13  Analysing Chicago Bike Times - DRAFT 🛠

author: Daniel Slutsky

last update: 2024-10-23

This tutorial demonstrates a simple analysis of time patterns in transportation data.

13.1 Question

Can we distinguish weekends from weekdays in terms of the hours in which people tend to use their bikes?

13.2 Setup

(ns noj-book.chicago-bike-times
  (:require [tablecloth.api :as tc]
            [tech.v3.dataset :as ds]
            [tech.v3.dataset.modelling :as dsmod]
            [tech.v3.datatype.datetime :as datetime]
            [tech.v3.dataset.reductions :as reductions]
            [scicloj.metamorph.ml :as ml]
            [scicloj.kindly.v4.kind :as kind]
            [clojure.string :as str]
            [scicloj.metamorph.ml.regression]
            [scicloj.tableplot.v1.hanami :as hanami]
            [scicloj.tableplot.v1.plotly :as plotly]
            [fastmath.transform :as transform]
            [fastmath.core :as fastmath]))

13.3 Reading data

You may learn more about the Cyclistic Bike Share 2023 dataset in our Chicago bike trips tutorial.

(defonce raw-trips
  (-> "data/chicago-bikes/202304_divvy_tripdata.csv.gz"
      (tc/dataset {:key-fn keyword
                   :parser-fn {"started_at"
                               [:local-date-time
                                "yyyy-MM-dd HH:mm:ss"]
                               "ended_at"
                               [:local-date-time
                                "yyyy-MM-dd HH:mm:ss"]}})))

13.4 Processing data

(def processed-trips
  (-> raw-trips
      (tc/add-columns {:day (fn [ds]
                              (->> ds
                                   :started_at
                                   (datetime/long-temporal-field
                                    :days)))
                       :day-of-week (fn [ds]
                                      (->> ds
                                           :started_at
                                           (datetime/long-temporal-field
                                            :day-of-week)))
                       :hour (fn [ds]
                               (->> ds
                                    :started_at
                                    (datetime/long-temporal-field
                                     :hours)))})
      (tc/map-columns :truncated-datetime
                      [:day :hour]
                      (fn [d h]
                        (format "2023-04-%02dT%02d:00:00" d h)))))
(-> processed-trips
    (tc/select-columns [:started_at :truncated-datetime :day :day-of-week :hour]))
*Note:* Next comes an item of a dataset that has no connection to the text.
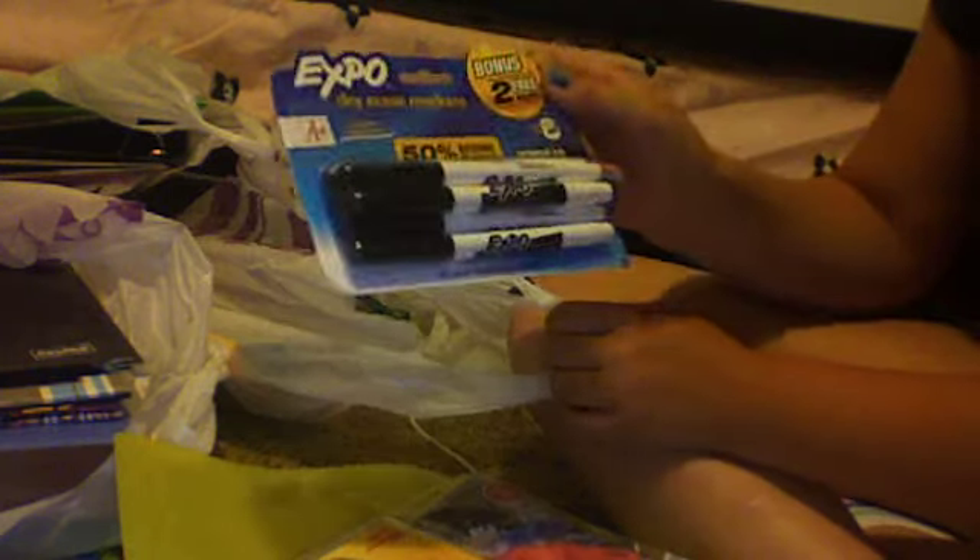Expo dry erase markers. Twenty-four pack of sharpened colored pencils — it had to be that. Highlighters. My brother got twelve Ticonderoga pencils. I hate regular pencils so I just stick with mechanical. Glue sticks with a bonus one — I'm gonna keep two and give the other two to my brother.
data/chicago-bikes/202304_divvy_tripdata.csv.gz [426590 5]:

:started_at :truncated-datetime :day :day-of-week :hour
2023-04-02T08:37:28 2023-04-02T08:00:00 2 7 8
2023-04-19T11:29:02 2023-04-19T11:00:00 19 3 11
2023-04-19T08:41:22 2023-04-19T08:00:00 19 3 8
2023-04-19T13:31:30 2023-04-19T13:00:00 19 3 13
2023-04-19T12:05:36 2023-04-19T12:00:00 19 3 12
2023-04-19T12:17:34 2023-04-19T12:00:00 19 3 12
2023-04-19T09:35:48 2023-04-19T09:00:00 19 3 9
2023-04-11T16:13:43 2023-04-11T16:00:00 11 2 16
2023-04-11T16:29:24 2023-04-11T16:00:00 11 2 16
2023-04-19T17:35:40 2023-04-19T17:00:00 19 3 17
2023-04-14T07:12:34 2023-04-14T07:00:00 14 5 7
2023-04-24T07:27:02 2023-04-24T07:00:00 24 1 7
2023-04-12T08:16:48 2023-04-12T08:00:00 12 3 8
2023-04-28T07:24:54 2023-04-28T07:00:00 28 5 7
2023-04-21T07:15:06 2023-04-21T07:00:00 21 5 7
2023-04-11T15:46:42 2023-04-11T15:00:00 11 2 15
2023-04-29T21:20:21 2023-04-29T21:00:00 29 6 21
2023-04-24T09:16:05 2023-04-24T09:00:00 24 1 9
2023-04-18T07:53:51 2023-04-18T07:00:00 18 2 7
2023-04-29T07:33:55 2023-04-29T07:00:00 29 6 7
2023-04-18T08:00:32 2023-04-18T08:00:00 18 2 8

13.5 The time series of hourly counts

(def hourly-time-series
  (-> processed-trips
      (tc/group-by [:truncated-datetime :day-of-week :hour])
      (tc/aggregate {:n tc/row-count})
      (tc/order-by [:truncated-datetime])))
(-> hourly-time-series
    (plotly/layer-line {:=x :truncated-datetime
                        :=y :n}))

We can visibly see the seasonal pattern of days, and maybe also some seasonality of weeks.

13.6 Analysis

Counts by hour

(-> processed-trips
    (tc/group-by [:hour])
    (tc/aggregate {:n tc/row-count})
    (tc/order-by [:hour])
    (plotly/layer-bar {:=x :hour
                       :=y :n}))

Counts by day-of-week and hour

(-> processed-trips
    (tc/group-by [:day-of-week :hour])
    (tc/aggregate {:n tc/row-count})
    (tc/group-by :day-of-week)
    (tc/without-grouping->
        (tc/order-by [:name]))
    (tc/process-group-data #(plotly/layer-bar
                             %
                             {:=x :hour
                              :=y :n}))
    kind/table)
name group-id data
1 4
2 2
3 1
4 3
5 6
6 5
7 0

13.7 Intermeidate conclusion

The pictutres show that weekends are different from weekdays in terms of the hours in which people tend to use their bikes.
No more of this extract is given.